→ Work instructions: The records that follow must be repeated exactly as they stand.

→ Crawled caption data:
+-------+

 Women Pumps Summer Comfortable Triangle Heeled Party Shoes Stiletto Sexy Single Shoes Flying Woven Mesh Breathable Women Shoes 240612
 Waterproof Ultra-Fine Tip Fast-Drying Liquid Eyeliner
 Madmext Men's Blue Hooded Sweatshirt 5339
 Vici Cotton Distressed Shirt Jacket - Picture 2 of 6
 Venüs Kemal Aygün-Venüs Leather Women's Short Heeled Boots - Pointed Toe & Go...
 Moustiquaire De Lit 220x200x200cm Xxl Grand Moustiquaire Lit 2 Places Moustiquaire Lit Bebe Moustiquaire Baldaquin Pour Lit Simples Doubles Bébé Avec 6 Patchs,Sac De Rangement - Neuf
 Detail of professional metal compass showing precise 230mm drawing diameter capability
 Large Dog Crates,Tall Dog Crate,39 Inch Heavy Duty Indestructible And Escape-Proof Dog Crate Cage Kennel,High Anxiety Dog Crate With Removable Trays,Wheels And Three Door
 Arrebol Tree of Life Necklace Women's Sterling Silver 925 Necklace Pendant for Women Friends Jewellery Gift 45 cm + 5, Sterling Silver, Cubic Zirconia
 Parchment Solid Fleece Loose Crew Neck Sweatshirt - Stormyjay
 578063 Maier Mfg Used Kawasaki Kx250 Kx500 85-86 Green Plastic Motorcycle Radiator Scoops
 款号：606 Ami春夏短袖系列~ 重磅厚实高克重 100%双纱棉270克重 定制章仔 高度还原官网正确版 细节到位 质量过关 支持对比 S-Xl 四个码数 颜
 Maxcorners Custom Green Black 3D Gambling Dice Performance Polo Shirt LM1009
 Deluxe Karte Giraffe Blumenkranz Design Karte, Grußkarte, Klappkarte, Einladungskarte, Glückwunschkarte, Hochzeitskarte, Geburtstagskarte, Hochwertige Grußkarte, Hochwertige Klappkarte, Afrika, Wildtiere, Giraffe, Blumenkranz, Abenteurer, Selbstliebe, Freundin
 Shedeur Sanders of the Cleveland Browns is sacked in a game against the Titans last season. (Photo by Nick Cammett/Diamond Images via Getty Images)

+-------+

→ Written reply:
 Women Pumps Summer Comfortable Triangle Heeled Party Shoes Stiletto Sexy Single Shoes Flying Woven Mesh Breathable Women Shoes 240612
 Waterproof Ultra-Fine Tip Fast-Drying Liquid Eyeliner
 Madmext Men's Blue Hooded Sweatshirt 5339
 Vici Cotton Distressed Shirt Jacket - Picture 2 of 6
 Venüs Kemal Aygün-Venüs Leather Women's Short Heeled Boots - Pointed Toe & Go...
 Moustiquaire De Lit 220x200x200cm Xxl Grand Moustiquaire Lit 2 Places Moustiquaire Lit Bebe Moustiquaire Baldaquin Pour Lit Simples Doubles Bébé Avec 6 Patchs,Sac De Rangement - Neuf
 Detail of professional metal compass showing precise 230mm drawing diameter capability
 Large Dog Crates,Tall Dog Crate,39 Inch Heavy Duty Indestructible And Escape-Proof Dog Crate Cage Kennel,High Anxiety Dog Crate With Removable Trays,Wheels And Three Door
 Arrebol Tree of Life Necklace Women's Sterling Silver 925 Necklace Pendant for Women Friends Jewellery Gift 45 cm + 5, Sterling Silver, Cubic Zirconia
 Parchment Solid Fleece Loose Crew Neck Sweatshirt - Stormyjay
 578063 Maier Mfg Used Kawasaki Kx250 Kx500 85-86 Green Plastic Motorcycle Radiator Scoops
 款号：606 Ami春夏短袖系列~ 重磅厚实高克重 100%双纱棉270克重 定制章仔 高度还原官网正确版 细节到位 质量过关 支持对比 S-Xl 四个码数 颜
 Maxcorners Custom Green Black 3D Gambling Dice Performance Polo Shirt LM1009
 Deluxe Karte Giraffe Blumenkranz Design Karte, Grußkarte, Klappkarte, Einladungskarte, Glückwunschkarte, Hochzeitskarte, Geburtstagskarte, Hochwertige Grußkarte, Hochwertige Klappkarte, Afrika, Wildtiere, Giraffe, Blumenkranz, Abenteurer, Selbstliebe, Freundin
 Shedeur Sanders of the Cleveland Browns is sacked in a game against the Titans last season. (Photo by Nick Cammett/Diamond Images via Getty Images)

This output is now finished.